This dossier collects reviewer-facing evidence for StatsPAI's readiness as research software. It is intentionally factual and reproducible.
- Repository: https://github.com/brycewang-stanford/StatsPAI
- Package archive: https://doi.org/10.5281/zenodo.19933900
- PyPI: https://pypi.org/project/StatsPAI/
- License: MIT, with a plain-text
LICENSEfile in the repository. - Current release at the time of this dossier:
1.16.0, released on 2026-05-29. - Public GitHub repository creation date: 2025-07-26.
- Public repository activity signals as of 2026-06-01: 212 stars, 39 forks, 23 GitHub releases, and 1 public external user issue in addition to maintainer-created issue/PR activity.
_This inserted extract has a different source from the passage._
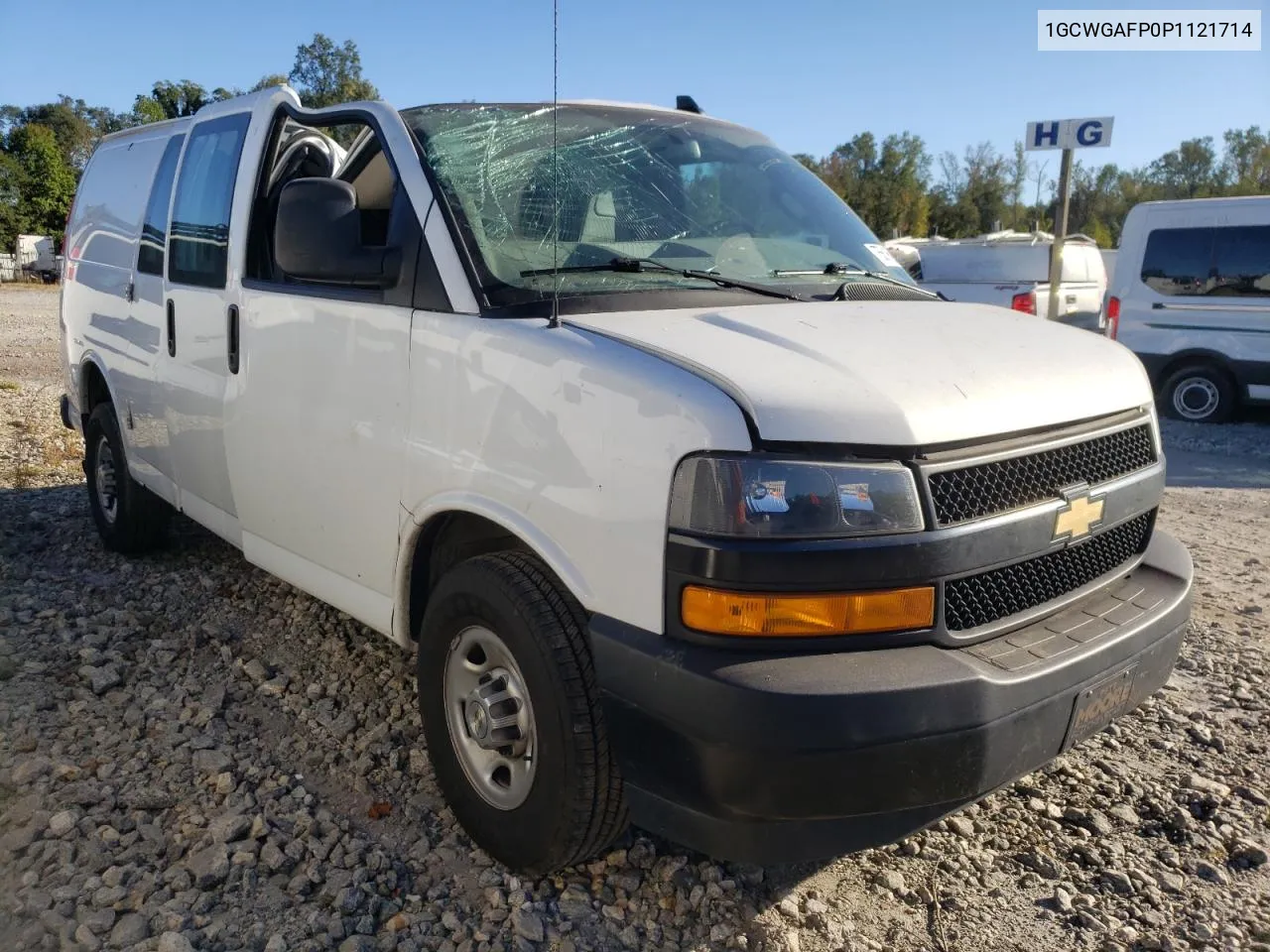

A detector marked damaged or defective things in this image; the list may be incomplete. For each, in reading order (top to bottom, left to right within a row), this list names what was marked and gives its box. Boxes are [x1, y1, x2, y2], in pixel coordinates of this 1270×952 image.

damaged vehicle [57, 85, 1191, 873]
shattered windshield [401, 107, 909, 309]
StatsPAI exposes a unified Python interface for causal inference and applied
econometrics. As of release 1.16.0, the registry reports 1,020 public
functions across 81 submodules:
python scripts/registry_stats.py --checkThe registry and schema layer are part of the public surface. They support
programmatic discovery through sp.list_functions(), sp.describe_function(),
and sp.function_schema().
The repository includes several independent validation tracks:
- Unit and integration tests across the main estimator families.
- R parity modules under
tests/r_parity/. - Stata parity modules under
tests/stata_parity/. - Reference-parity checks under
tests/reference_parity/. - Original-paper replay fixtures under
tests/orig_parity/. - Monte Carlo coverage checks under
tests/coverage_monte_carlo/. - Snapshot tests for publication-table output under
tests/output_snapshots/. - Citation and bibliography audits under
tools/. - Reviewer-facing offline examples under
examples/.
The archived local full-suite report records:
5200 passed, 98 skipped, 13 deselected, 1 xfailed, 2 xpassed
on Python 3.9.6 for the default local suite as of 2026-05-17. The exact report
is stored in test_results_full_suite.md.
StatsPAI includes validation fixtures for common teaching and replication benchmarks, including:
- Card-style returns-to-schooling IV estimates.
- LaLonde / Dehejia-Wahba job-training benchmarks.
- Lee-style close-election regression discontinuity.
- Callaway-Sant'Anna difference-in-differences examples.
- California Proposition 99 synthetic-control examples.
Known convention differences are documented in parity reports rather than hidden. For example, bandwidth selectors, regularisation constants, small-sample standard-error conventions, and fold-split randomness are recorded in the R-parity report where they affect exact numerical matching.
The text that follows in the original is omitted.